EQT's unhedged strategy is a departure from when Rice was appointed chief executive in 2019 in a bid by activist investors to overhaul the company's board of directors and change its strategy. At that time, EQT was hedging up to 80pc of volumes, largely due to its higher cost structure, Rice said. But now, with EQT able to break even with US gas prices as low as $2.45/mmBtu — excluding its interest payments on its debt — hedging has become an "entirely opportunistic" tool for EQT, rather than a defensive necessity, he said.

The prompt-month settlement price for Nymex gas at the US benchmark Henry Hub so far this month has averaged $3.67/mmBtu.

EQT is also able to hedge less of its gas because it has increased the amount of gas it can move to consumers outside its core operating area in Appalachia. EQT sells more than 4.6 Bcf/d directly to end users, including power companies and utilities, local distribution companies and LNG export terminals, according to a confidential investor slide obtained by Argus. Of that, 3 Bcf/d goes to power and utility companies including NextEra Energy, Duke Energy, Southern Company and Constellation Energy; 1 Bcf/d goes to local distribution companies including Illinois-based Peoples Energy, Washington, DC-based WGL Holdings and New Jersey Natural Gas; and 600mn cf/d goes to LNG facilities including Venture Global, Sabine Pass, Cameron LNG and Berkshire Hathaway's Cove Point LNG.

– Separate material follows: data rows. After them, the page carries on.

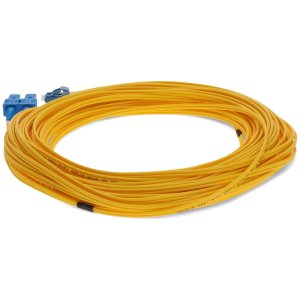 45m SC (Male) to LC (Male) Yellow OS2 Duplex Fiber OFNR (Riser-Rated) Miniboot Patch Cable with Serialized Labels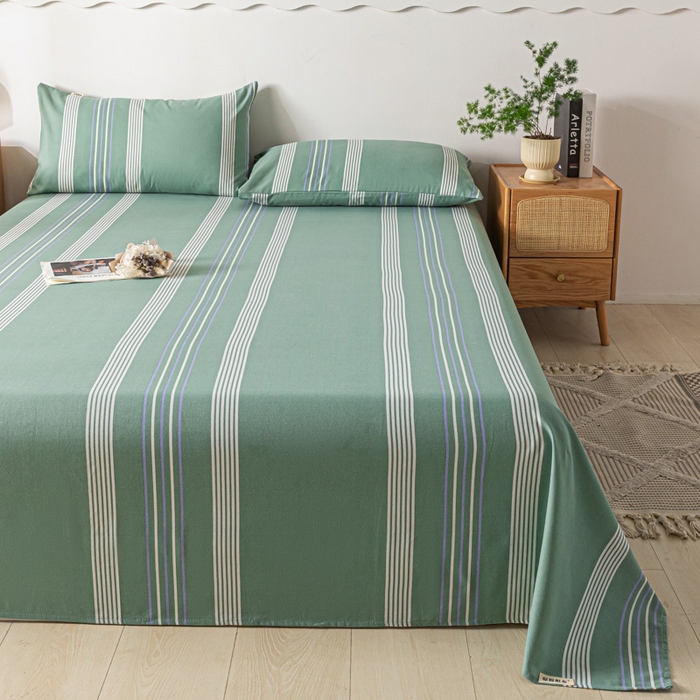 91家纺网 家纺一手货源 找家纺 阿亮家居 2025新款原棉老粗布床单系列 气质绿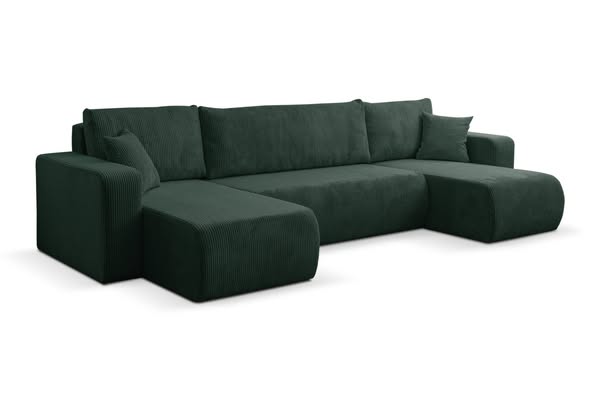 Sofa Luna U w kształcie U, z funkcją spania, z pojemnikiem na pościel, tkanina sztruksowa, zielony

Moving gas from Appalachia to population centers elsewhere in the country, where gas prices are higher, has historically been a challenge for Appalachian producers because of opposition from state regulatory agencies to the construction of new interstate pipelines. EQT has been able to overcome this challenge in part by signing long-term supply agreements with southeast utilities Duke and Southern for 1.2 Bcf/d of gas, which will be shipped on EQT's Mountain Valley Pipeline, as Argus reported earlier this month.

Gas buyers have become more interested in signing long-term supply deals with EQT as heightened volatility in the US gas market has increasingly lured in commodity traders who act as middlemen, Rice said. Switzerland-based commodity trader Glencore and New York-based quantitative trading firm Jane Street, among others, have been building up a US gas trading presence over the past year.

IRA rollback could boost gas demand

Rice also sees bright spots for gas amid an effort by Republicans in the US Congress to use a filibuster-proof budget bill to phase out clean energy tax credits from former president Joe Biden's Inflation Reduction Act.

If Republicans get their way, this could slow the growth of US renewable energy generation, "easily" boosting US gas demand by 1.5-2 Bcf/d by 2030 as gas takes market share from what would have otherwise been occupied by renewables, Rice said.

"If solar and wind investments decrease, that [energy] demand's not going away," Rice said.

EQT also expects planned data centers running artificial intelligence software to increase US gas demand by 4-6 Bcf/d over the period, he said. EQT is in discussions with "roughly a dozen proposed power projects" in Appalachia on an expected surge in US power demand, only about 40pc of which stems from planned data centers, Rice said. Rice still expects to announce a gas supply agreement involving one of these projects by the end of the year.